Transcribe every line of the material below exactly, leaving out the pictures.

=== Supplied information ===

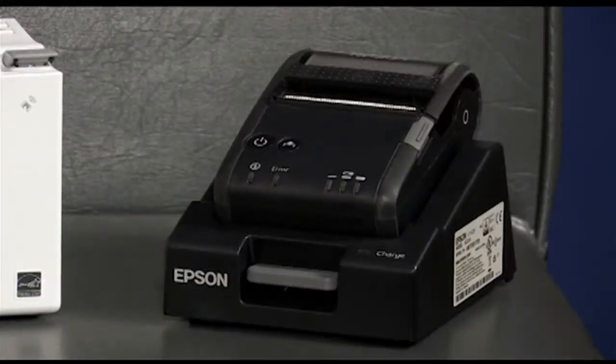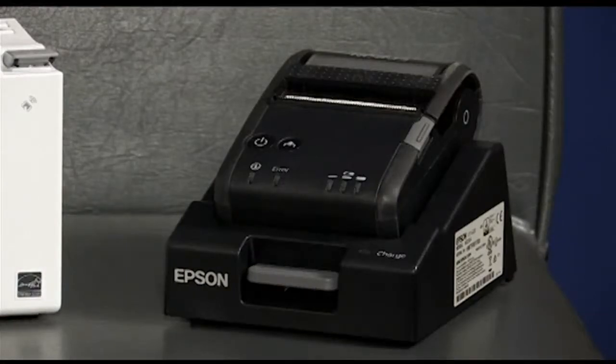We also have MobileLink belt clip printers, such as the P20. Those products are great for store associates who are moving out on the store floor, because now they can simply check out customers on the tablet and print the receipt right there from their MobileLink P20 belt clip printer.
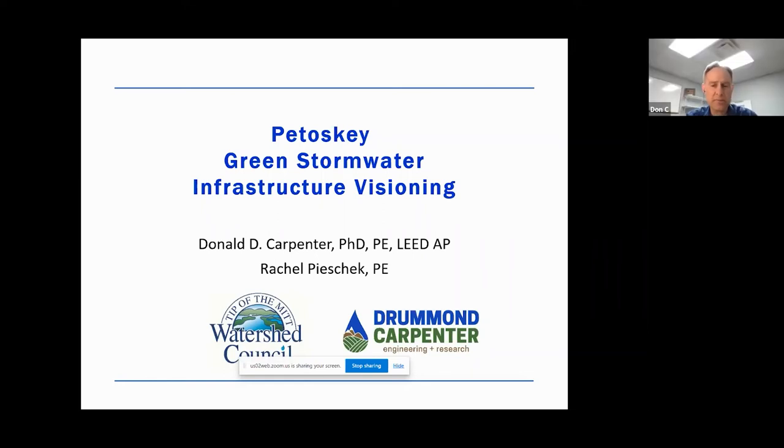Greetings. My name is Don Carpenter and I'm a project engineer with Drummond Carpenter. Drummond Carpenter is a service-disabled veteran-owned small business that specializes in civil and environmental engineering and research. The work I'm going to be presenting today was also facilitated by Rachel Piszczek, who is also an engineer with Drummond Carpenter.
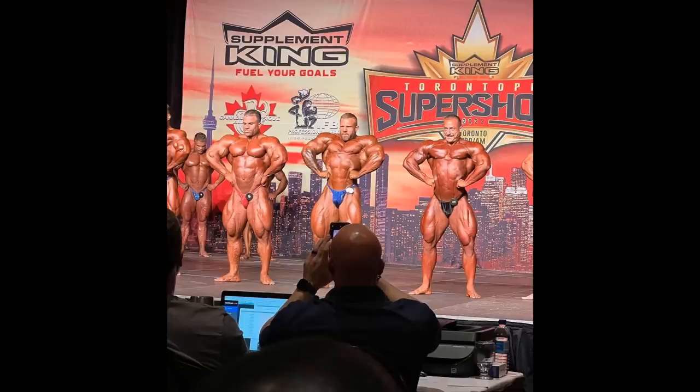Hey guys, Yvonne here. Toronto Pro Road 2023. We are starting this analysis with this particular photo and I intentionally chose this one because this is the first photo that I saw on Instagram, and when I saw it, my impression was Ian is winning this clearly and he is looking probably more impressive than ever.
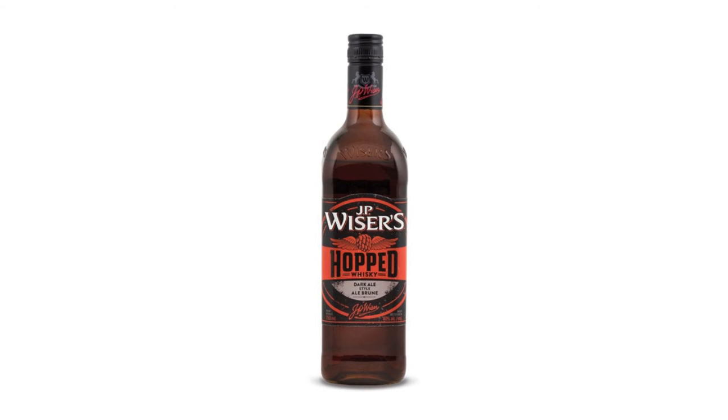That leads us to the big question, Yolanda — which one is your favorite? I knew it! I totally called number two. I liked it — I like the more sweeter, maple-y, syrupy kind of flavor.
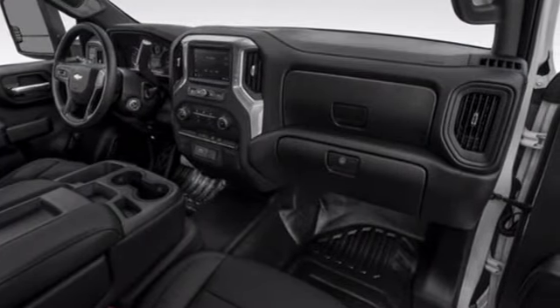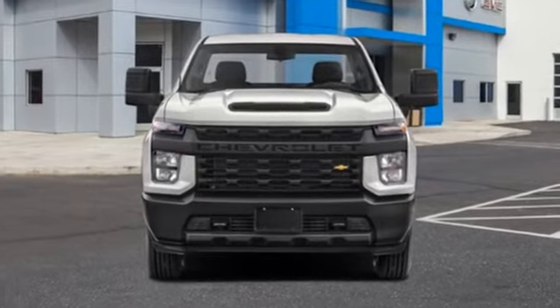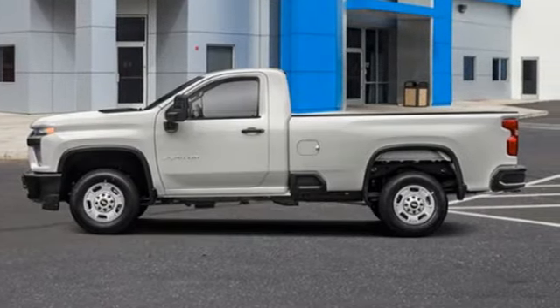There's more than a century of ingenuity and significance in every Chevy. They say a journey begins with one step. In this case, it begins with a test drive. Start your next adventure today.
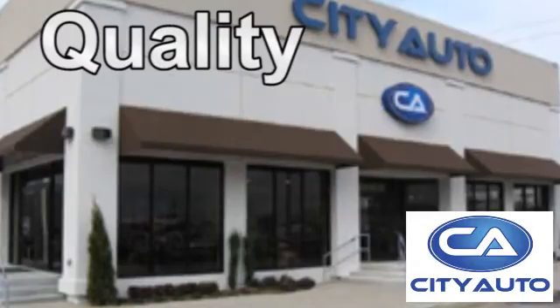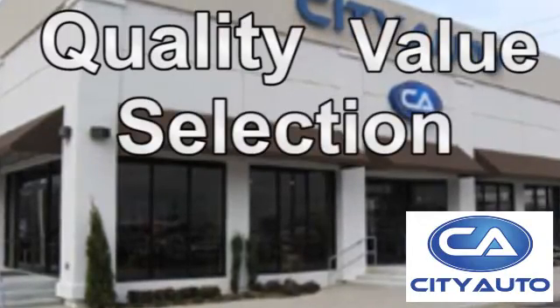Quality, value, and selection. City Auto — shop where the dealers shop. City Auto.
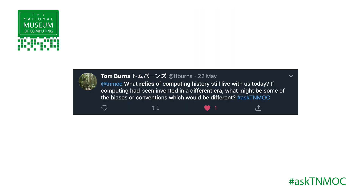Hello, I'm Gavin Clarke, and I'm here with the National Museum of Computing, which holds the largest collection of working historical computers. We've been taking your questions over Twitter about the collection and other historical systems, and we had an interesting one come in from Tom Burns. He asked us: what relics of computing history still live with us today?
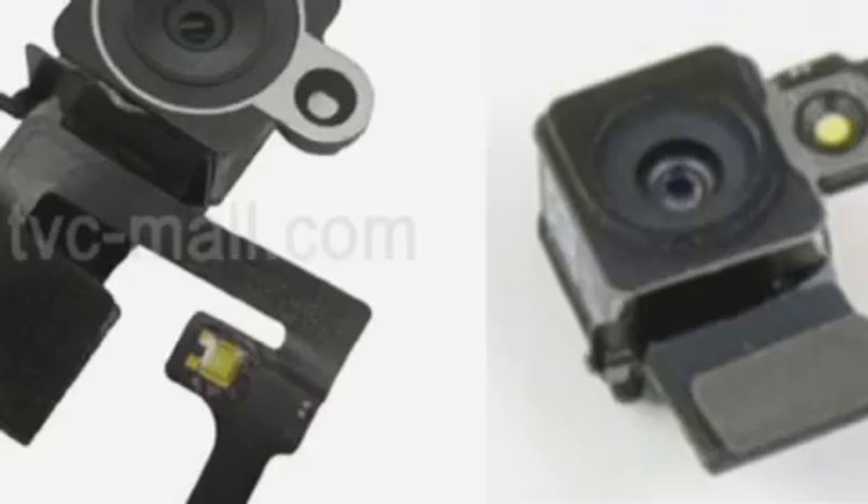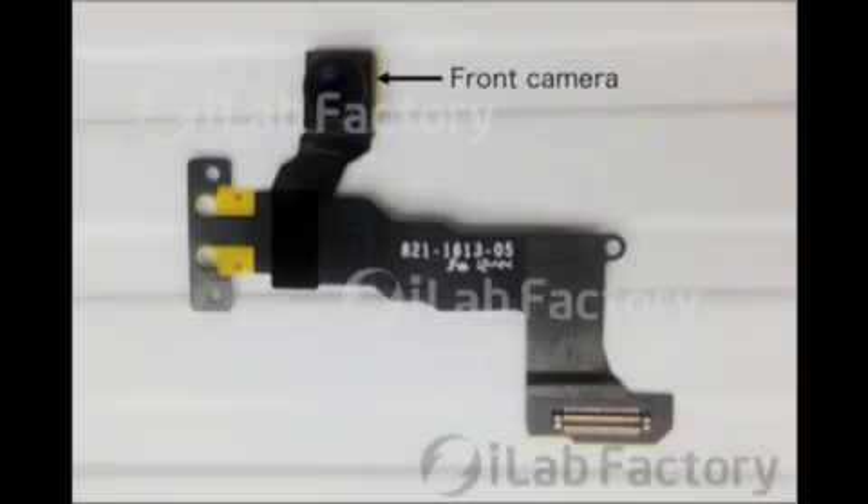A dual-head vibration motor has hinted that the Apple smartphone could offer improved reactive feedback to users. Manufacturing partners and suppliers are reportedly entering the first stages of iPhone 5s production, in preparation for the widely expected iPhone 5s release date in September.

===

■ **Answer**:
We also have MobileLink belt clip printers, such as the P20. Those products are great for store associates who are moving out on the store floor, because now they can simply check out customers on the tablet and print the receipt right there from their MobileLink P20 belt clip printer.
Greetings. My name is Don Carpenter and I'm a project engineer with Drummond Carpenter. Drummond Carpenter is a service-disabled veteran-owned small business that specializes in civil and environmental engineering and research. The work I'm going to be presenting today was also facilitated by Rachel Piszczek, who is also an engineer with Drummond Carpenter.
Hey guys, Yvonne here. Toronto Pro Road 2023. We are starting this analysis with this particular photo and I intentionally chose this one because this is the first photo that I saw on Instagram, and when I saw it, my impression was Ian is winning this clearly and he is looking probably more impressive than ever.
That leads us to the big question, Yolanda — which one is your favorite? I knew it! I totally called number two. I liked it — I like the more sweeter, maple-y, syrupy kind of flavor.
There's more than a century of ingenuity and significance in every Chevy. They say a journey begins with one step. In this case, it begins with a test drive. Start your next adventure today.
Quality, value, and selection. City Auto — shop where the dealers shop. City Auto.
Hello, I'm Gavin Clarke, and I'm here with the National Museum of Computing, which holds the largest collection of working historical computers. We've been taking your questions over Twitter about the collection and other historical systems, and we had an interesting one come in from Tom Burns. He asked us: what relics of computing history still live with us today?
A dual-head vibration motor has hinted that the Apple smartphone could offer improved reactive feedback to users. Manufacturing partners and suppliers are reportedly entering the first stages of iPhone 5s production, in preparation for the widely expected iPhone 5s release date in September.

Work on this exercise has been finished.